What will you do to fight for your children and your communities?

I have spent the last 15 years of my life committed to serving students across Chicago as a teacher and a leader. But today, I am writing as the mother of two beautiful daughters – two girls who are depending on me to advocate for their future, just as your children depend on you.

Recently, I spent some time reflecting on my experience as a student in Chicago Public Schools, and I realized that I won the lottery.

I won the lottery because I was accepted into Lane Tech High School, one of two selective enrollment high schools in Chicago during the mid-90’s. I was the only one in my school, the only one on my block and the only one of my friends to be accepted.

Coming from Humboldt Park (before gentrification) and having the good fortune of attending Lane meant that I would have a fighting chance. It meant that I would have access that my peers didn’t have. It meant, quite honestly, that I could have the chance to experience life outside of the confines of my own gang-infested community.

Before being accepted to Lane, I remember being more concerned about who I would have to fight to survive in the neighborhood high school than I was about where the education I received would take me. That was my reality.

So, I won the lottery. A quality education is a game changer. It’s a civil right, a difference maker and it really does change trajectories. I am an example of that. But what about everyone else?

Every student deserves to have access to a game-changing education that prepares them to be successful in college and in life…and if charters didn’t exist, thousands of families in this city would be left with just “pretty good” choices.

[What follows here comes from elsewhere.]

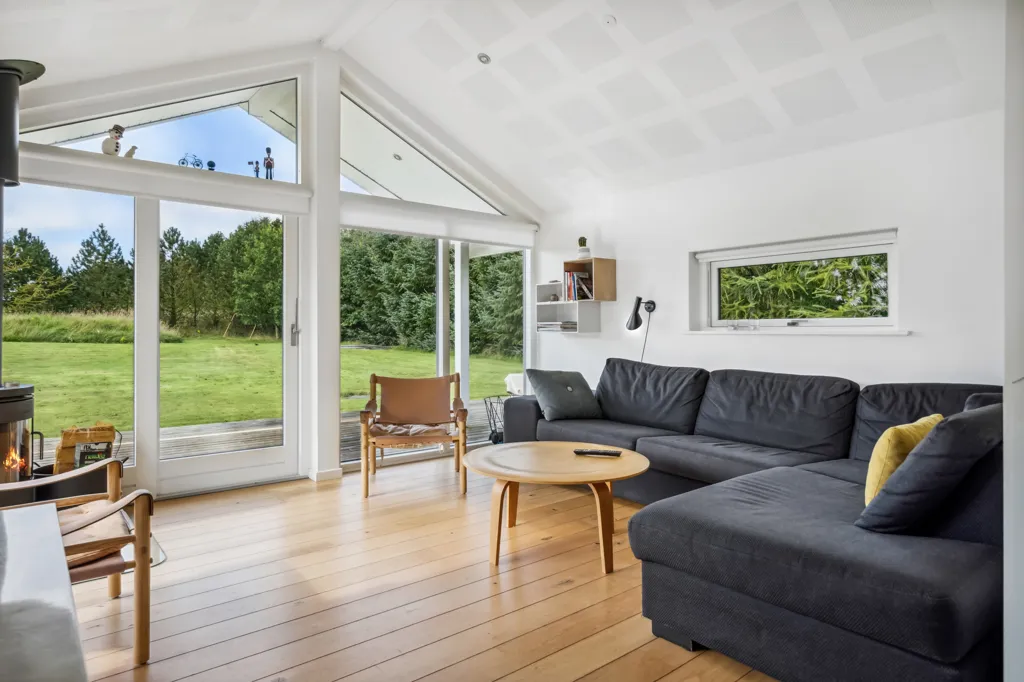 Living Room - Summerhouse with Wellness Area in Ringkøbing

As parents, we know that education is the most critical lever to ensure that our children have the best chance at success. When we talk about charter school advocacy, for me, it’s not about charters being better than neighborhood schools or neighborhood schools being better than charters, it’s about giving parents options. It’s about taking a stand and saying “pretty good” isn’t good enough.

Yet we have so much farther to go. There are bills being voted on up in Springfield that would stop any new charter schools from opening in Chicago. These bills that would deny opportunity to thousands of children.

Today, there’s no cavalry riding in to help and it’s on us to make positive change. So the question I have for everyone is this: what will you do to fight for your children and your communities? What can we do together to make sure that the next generation of Chicago children gets the education they deserve?